Some form of a rewards programme has almost become a business-as-usual engagement between customers and their brands, says Philip Stander, MD, Globetom.

Philip Stander, MD, Globetom.
Philip Stander, MD, Globetom.

Loyalty programmes have become a commodity to the extent that some form of a rewards programme has almost become a business-as-usual engagement between customers and their brands, says Philip Stander, managing director, Globetom.

By placing the customer at the centre of your organisational universe, you will naturally build a deeper engagement which ultimately results in lasting loyalty to your brand. This may sound like stating the obvious, but many organisations fail to achieve this. The argument made by many organisational leaders is that the sheer volume of customers makes it near impossible to treat every customer at the individual level. However, each customer's needs are different and, if personalised needs can be considered and tapped into, immense brand loyalty can be unlocked.

Seven pillars of Customer Centricity are proposed by the TM Forum in a market research report entitled "Enterprise Customers: The virtuous circle of loyalty" to form the distinctive characteristics of a customer centric organisation.

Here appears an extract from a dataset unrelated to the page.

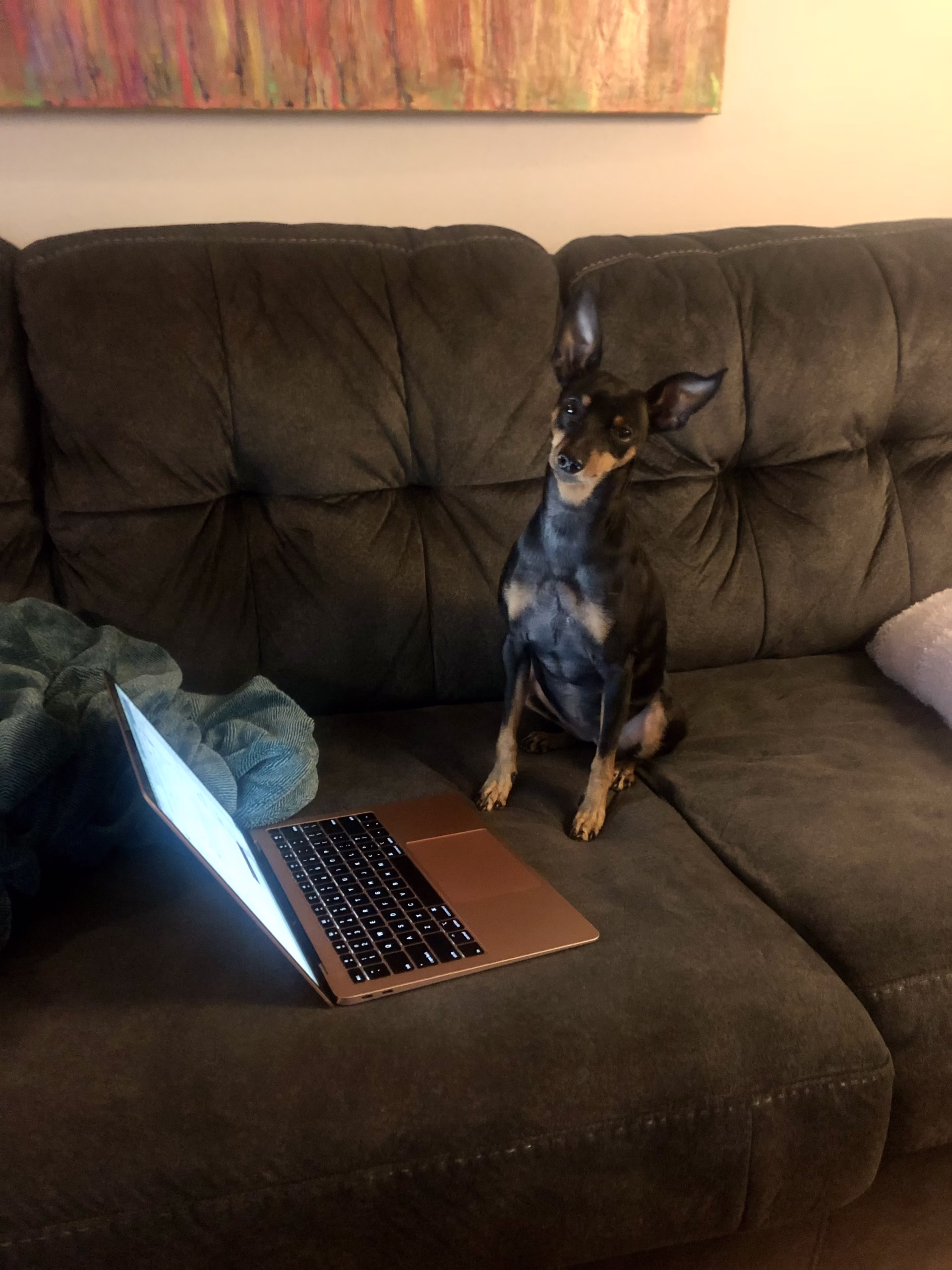 Nothing Calms Me More Than My Anxious Dog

Globetom has published a white paper entitled "Loyalty Programmes as a Customer Centricity Aid". The publication provides the connection between loyalty platforms and programmes in support of the TM Forum's seven pillars of customer centricity. While the article has a Communications Service Provider focus, the White Paper may be equally applicable to other industry verticals. The publication introduces the reference architecture of a modern loyalty platform as well as the role of a standards-based, RESTful Web Service API to drive loyalty programme management.

A summary of the exploration of the White Paper, using the seven pillars of customer-centric organisations, are:

1. An outside-in, solutions-oriented approach

While the trait of customer-centric organisations must be culturally entrenched, a sound loyalty programme can form a significant technology capability to achieve a solutions-oriented approach.

A loyalty programme can be utilised to deliver information that enables an outside-in view of your business. Imagine a solution for business analysts that provide a continuous dimensioning of customer problem areas, customer sentiment of the quality of the solutions offered and the turnaround time from problem lodging to resolution.

2. A deep understanding of the customer across the lifecycle

Developing a holistic view of individual customer's interactions and experiences over time of their relationship is an exceptionally important part of being a customer-centric company.

Failing to understand where the customer is in their lifecycle can distance them from their association with a brand. Moreover, providing ill-fitting promotions and offers can cause more damage to the organisation compared to no communication.

With the application of a loyalty programme, customer life-cycle behavioural attributes are accumulated and stored in member profiles. When this data is referenced appropriately, more efficient targeted promotions can be implemented.

3. Empowerment at the point of interaction

While customer relationship management (CRM) platforms are increasingly used as a single version of the truth with regards to customer profiling, a loyalty programme and the information generated as loyalty execution points (transaction journals) can complement a 360^0 view of customers at the point of contact. If CRM platforms are integrated with a loyalty platform, a complete customer profile at the point of contact can be presented.

4. Cross-company consistency

Consistency across a company's product and service portfolio are equally important when building and maintaining loyalty programmes. A business customer may be using a variety of services from a diversified company. Running loyalty programmes in silos can easily lead to cross-company inconsistencies and fragmented availability of loyalty benefits. Any customer would want loyalty benefits to accrue across all services to a single, consolidated benefit-pool.

5. Efficient, tailored business processes

An efficient loyalty programme rewards customers in one of three ways; through loyalty points earnings, benefits with coalition partners and rewarding customers with special offers created as customer orders.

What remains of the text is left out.